Mentor: Dr. Eric Raimy
In 2004, Aaron Iba and Andrew Nevins of MIT presented a selectionist learner for reduplication(repetition of part of all of a word to modify its meaning) intended for natural language. Words were abstracted as phonemes, individual units of sound, connected by links, paths between pairs of phonemes. The preexisting links present in the unreduplicated form of the word were distinguished from the links made by reduplication. The learner learned by reading sets of unreduplicated and reduplicated pairs and trying every possible link and producing its result. It then evaluated the validness of what was produced and discarded all impossibilities, hence selectionist.
When only considering one link to go from the unreduplicated form (the root) to the reduplicated form, this is a relatively quick process. A search for a four letter root and eight letter reduplicated form considers 136 possible links, and finds 9 of those possible. But when two or three links are considered, the number of computations goes up exponentially, turning a couple second process into one that takes hours. When two links are considered for the same pair, the program has to search 18,632 possibilities, which of those 27 are possible. As Galan Pickard more thoroughly explains in a squib on this reduplicator, this method of search, also called 'the British Museum' manner, becomes extremely temporally expensive and is very inefficient.

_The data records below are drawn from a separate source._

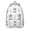 Koala, variant on Koala Bear Cute Animal Print School Backpack – Lightweight Travel Bag with Oxford Durable Material, Large Capacity, Anti-theft Features for Students, Teens, and Women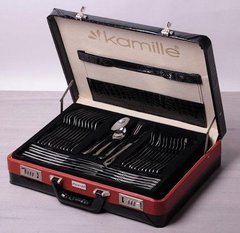 Набір столових приладів Kamille KM-5215А - 72 пр.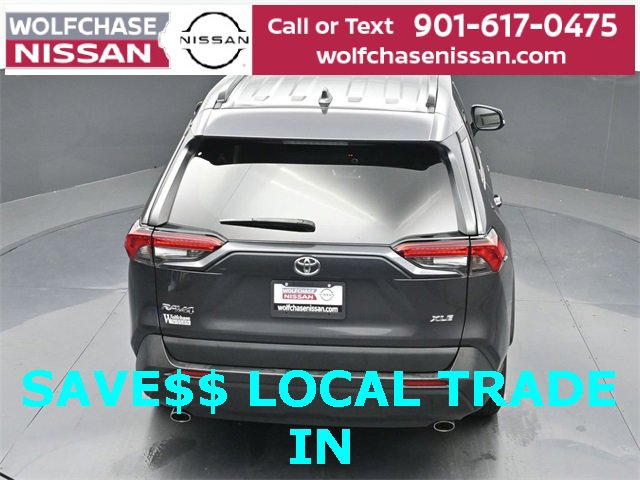 Used 2024 Toyota RAV4 XLE image 33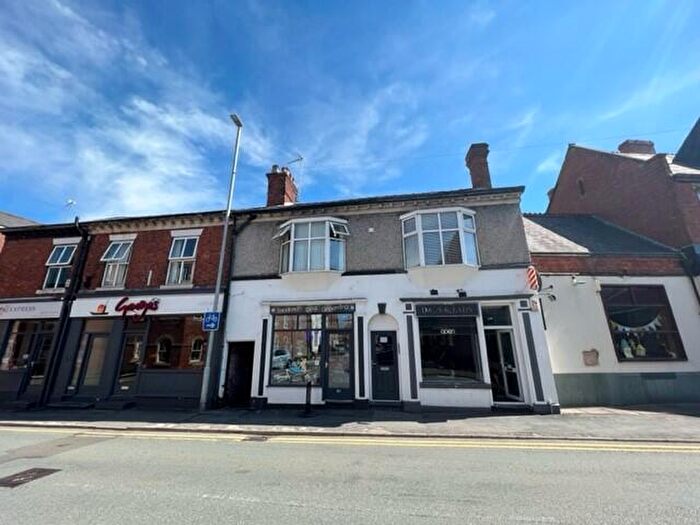 1 Bedroom Flat To Rent In Bradwall Road, Sandbach, CW11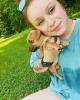 Haley is single in Mount Airy, NC USA
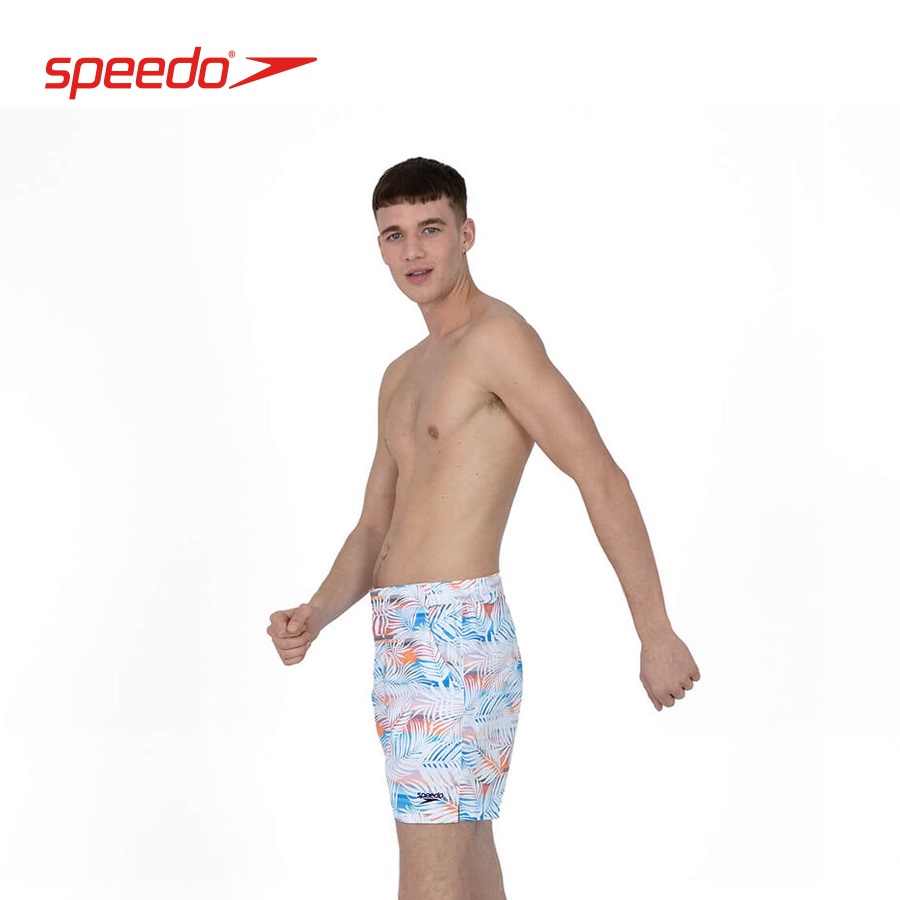 Quần đi biển nam Speedo Vintage Paradise 16" - 8-11762D863 | BigBuy360 - bigbuy360.vn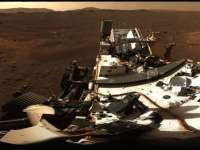 NASA's Perseverance Rover Gives High-Definition Panoramic View of Landing Site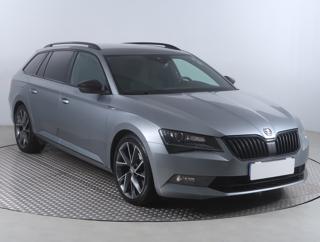 Škoda Superb 2.0 TDI 140kW kombi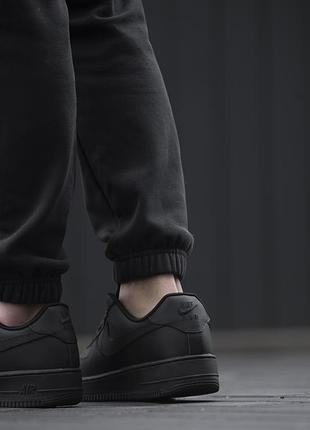 Nike air force black 10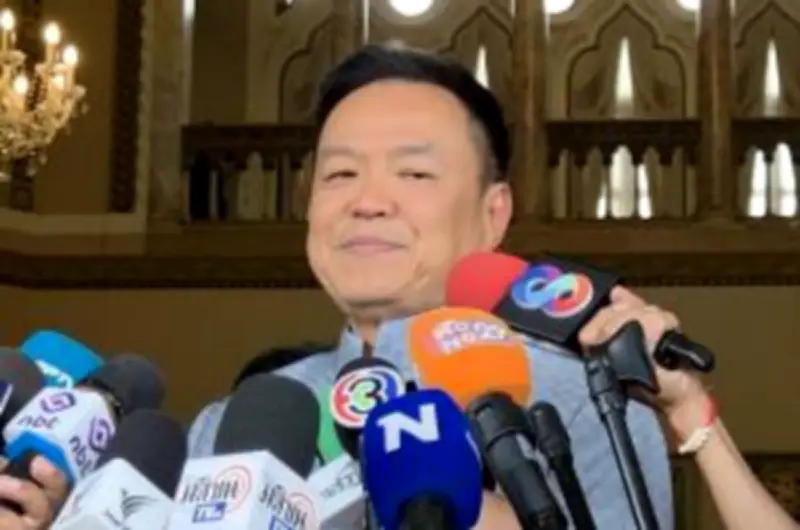 ปชป.จ่อชงร่างพ.ร.บ.อากาศสะอาดเข้าสภา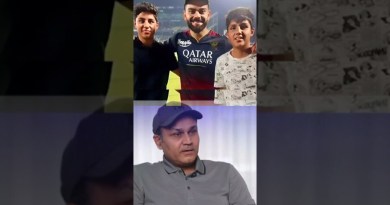 sehwag और उसके bete | #sport6 #cricket #sports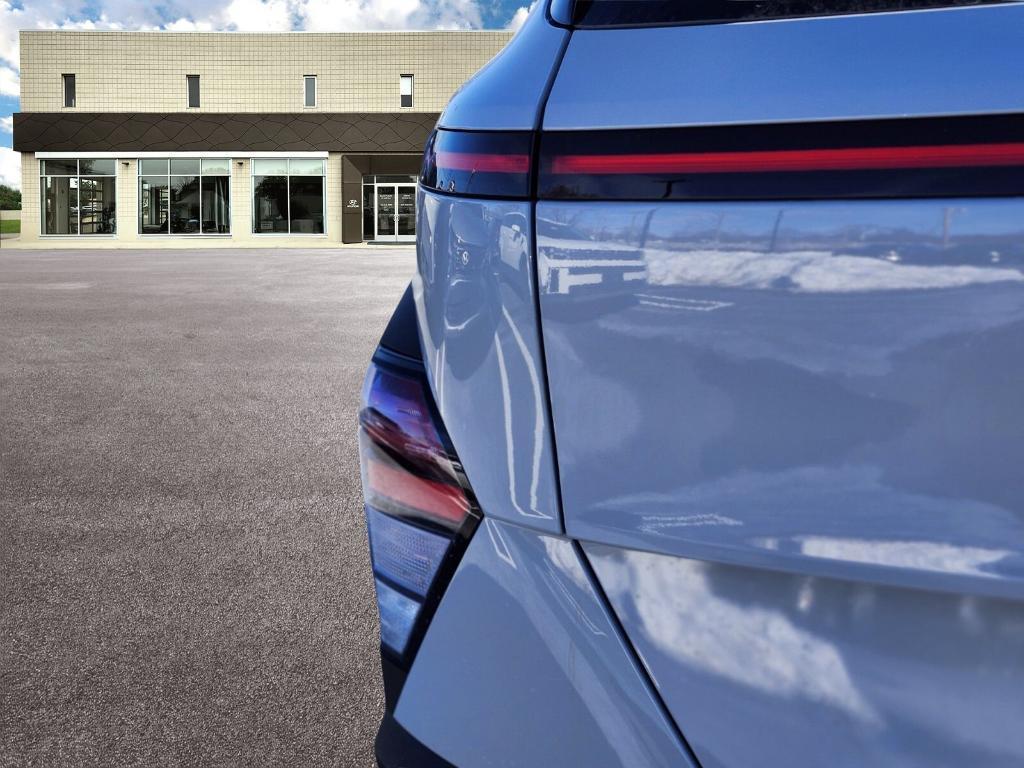 new 2026 Hyundai Kona car, priced at $31,070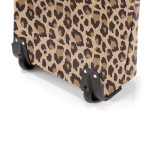 Nákupní vozík Reisenthel Trolley M Frame Leo macchiato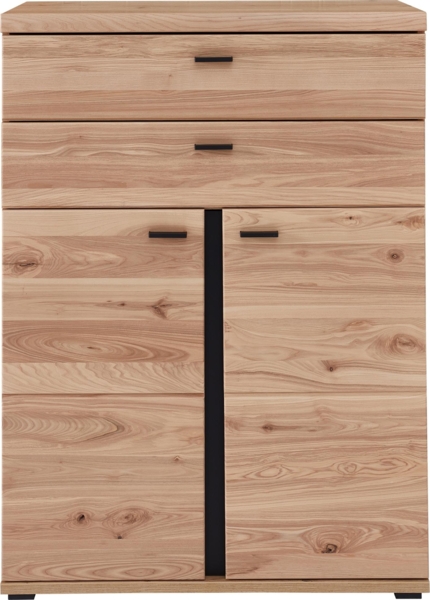 Kommode Sonos, Holz, Holzwerkstoff, Holzfarben, 90 x 124 x 38 cm Bild 3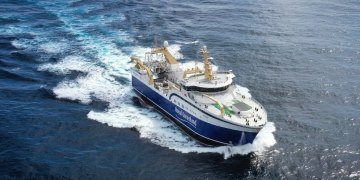 Royal Greenland back in the black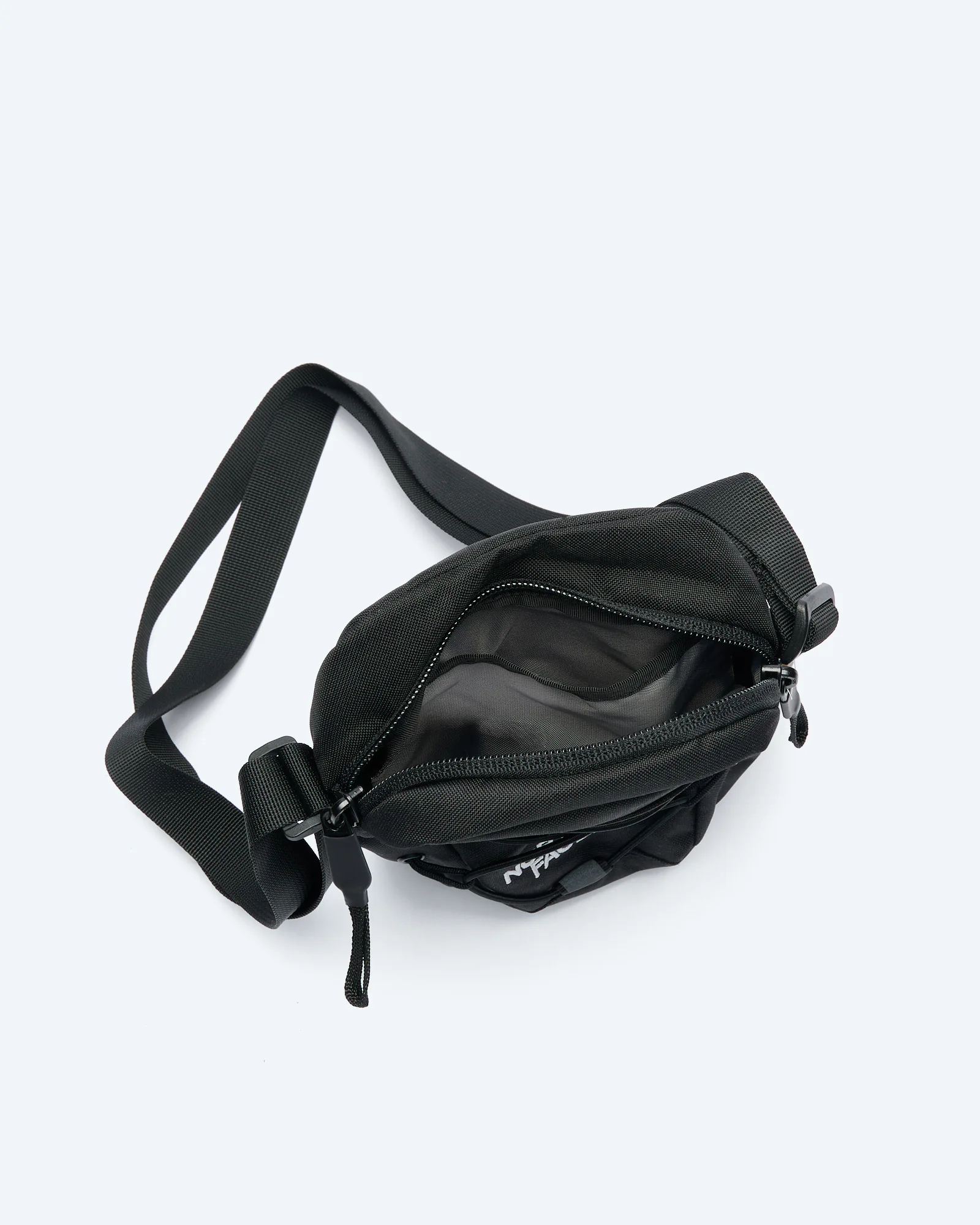 The North Face Jester Crossbody TNF Black/NPF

This type of search is notoriously the slowest of all searches.
This method is also very different from the process speakers are currently thought to use to recognize and produce reduplicated forms. I think a much more natural representation of the process is repetition recognition. First the reduplicated section is identified and then the possible underlying structures are considered. This approach would eliminate most of the links leading to invalid output from ever being considered and reduce the computing time significantly.
Also, this approach is algorithmic, producing results based on information. The existing approach simply tries everything. By using an approach that looks for repetition, it would not only reduce computation time, but could shed more light on how this process is done in the human brain. Should these changes improve the learner, in computing time or accuracy, it would lend support to to arguments that humans reduplicate language by seaching for patterns and repetition.